What's the best way to have a calculated column that involves multiple tables in a transactional database?
Background
Our transactional MySQL database includes the fact tables like the following simplified model:
CREATE TABLE LU_PROJECT(
PROJECT_ID int,
PROJECT_DESC varchar(60)
);
CREATE TABLE F_PROJECT_BUDGET(
PROJECT_ID int,
BUDGET numeric(15, 2)
);
CREATE TABLE F_TASK_BUDGET(
TASK_ID int,
BUDGET numeric(15,2)
);
CREATE TABLE F_MONEY_USED(
REPORTED_TIME datetime,
TASK_ID int,
MONEY_USED numeric(15, 2)
);
Task
is a child of Project
. Task IDs are not unique, but project/task pairs are unique.
Requirements
We need to preserve the invariant that the total budget for all tasks for a project is <= the budget for a project.

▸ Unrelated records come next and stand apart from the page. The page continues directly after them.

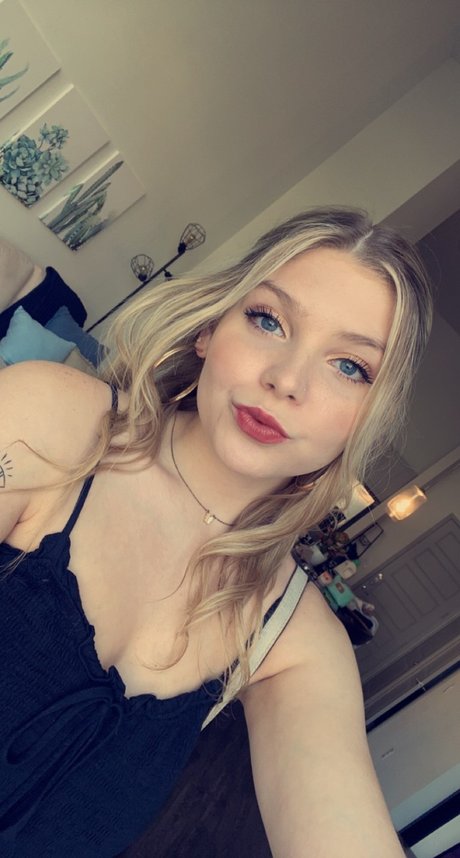 Zoey Babe セクシーモデル 画像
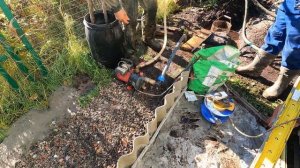 Водоносный песок, промывка, прокачка фильтра абиссинской скважины компрессором, определяем дебит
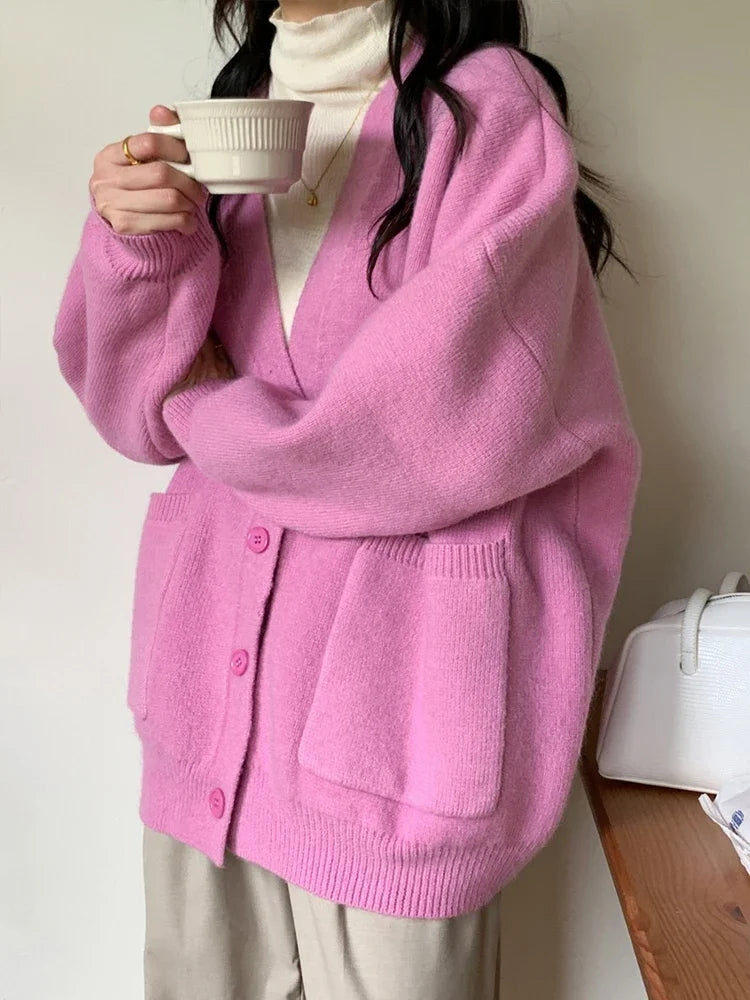 Tess – oversized cardigan met diepe V-hals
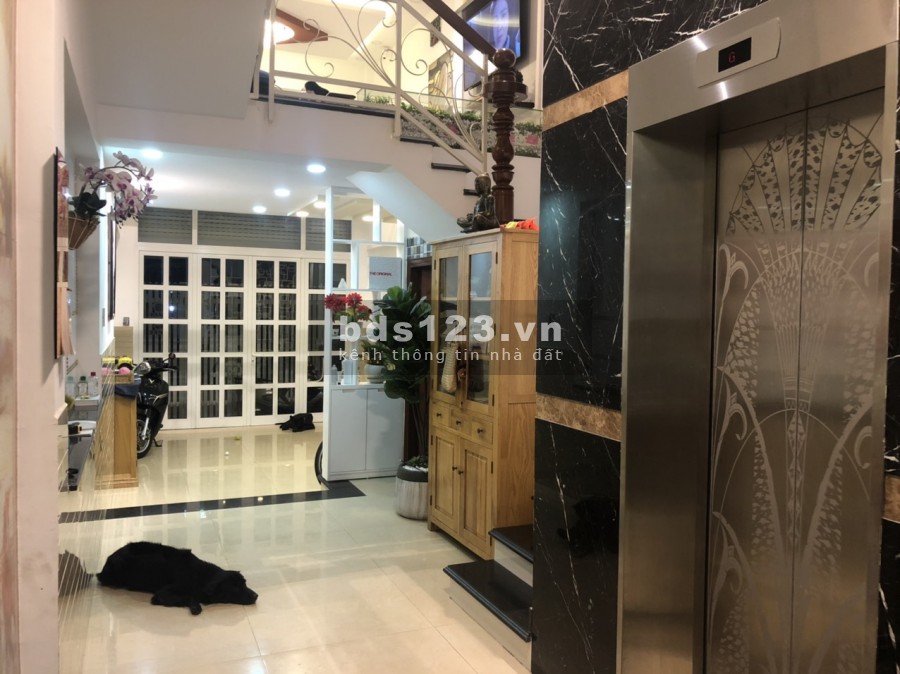 Bán nhà MT phường Tân Qui Q7, 4x20m, trệt 5 lầu, giá 14.5 tỷ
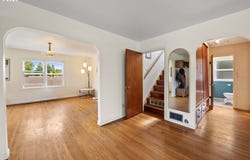 7 Klaskanine Ave, Astoria, OR 97103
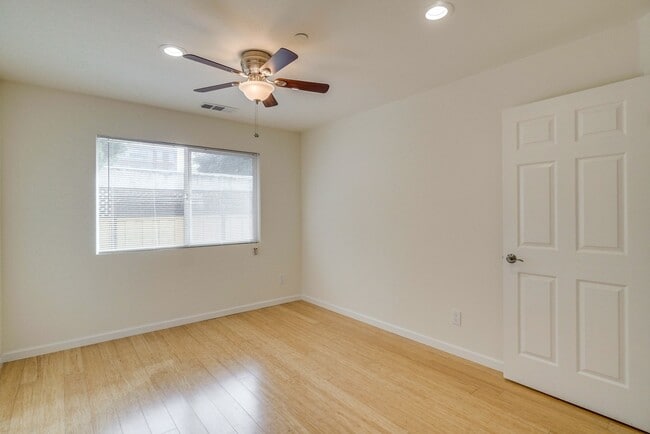 Building Photo - Beautiful 2 Bed/1 Bath Home only Blocks Fr...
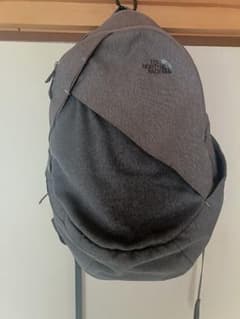 THE NORTH FACE グレー リュックのサムネイル
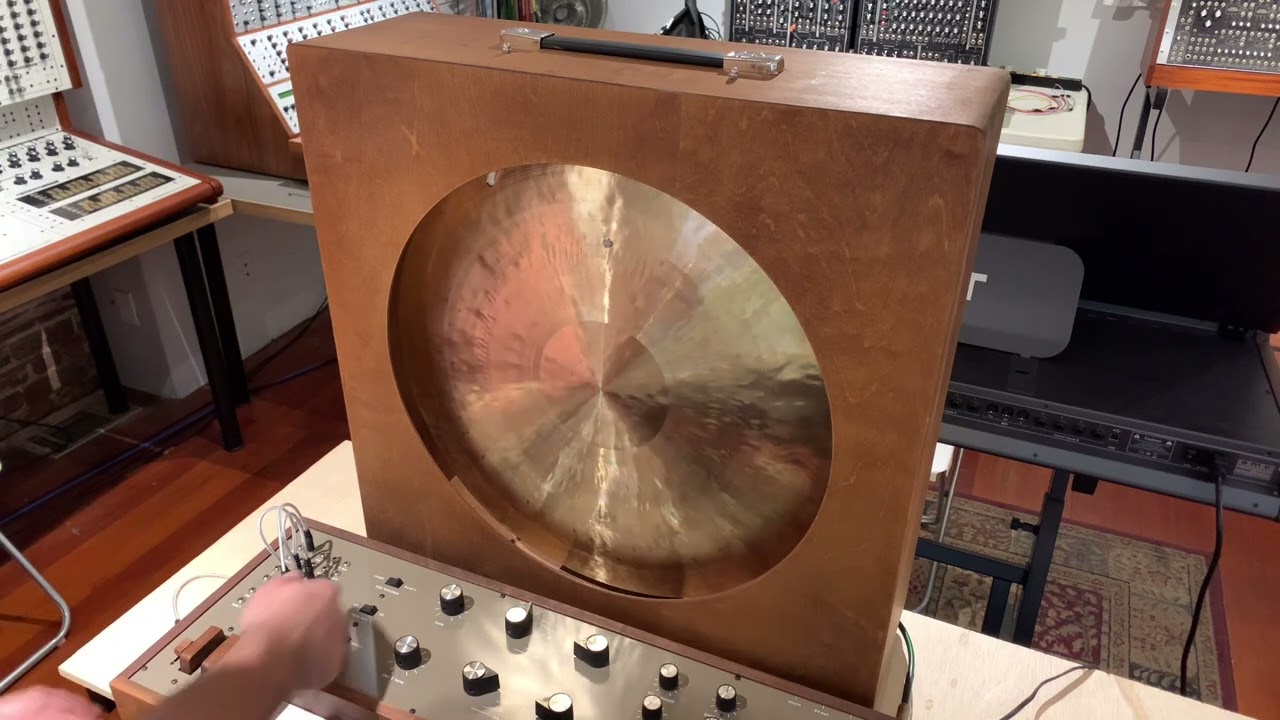 EOwave -  Metallik Resonator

In addition, we often need to run a query that returns a result set with the following columns:
PROJECT_ID
, PROJET_DESC
, PROJECT_BUDGET
, TASK_COUNT
, PROJECT_MONEY_USED
Issues
We're concerned about performance. The simplest solution would require updates to hit three fact tables:
- Check that adding to
F_MONEY_USED
wouldn't put us over the budget for the task inF_TASK_BUDGET
. - Check that adding the money wouldn't put us over the total budget for the project
- Write to
F_MONEY_USED
.
And the query we need to get stats will hit three fact tables (in addition to lookup tables, not in the model above):
- Join
LU_PROJECT
toPROJECT_BUDGET
fromF_PROJECT_BUDGET
group byPROJECT_ID
- Join
LU_PROJECT
toF_TASK_BUDGET
to getTASK_COUNT
group byPROJECT_ID
- Join
LU_PROJECT
to F_MONEY_USED
to getPROJECT_MONEY_USED
group byPROJECT_ID
- JOIN
LU_PROJECT
to the intermediate results above and get thePROJECT_DESC
as well.
The problem is that that's a lot of joining and both reads and writes will happen frequently.
Potential Solution
One solution we are considering is to add a PROJECT_MONEY_USED
field to F_PROJECT_BUDGET
that will be updated on writes to F_TASK_BUDGET
. This will slow down writes but speed up reads.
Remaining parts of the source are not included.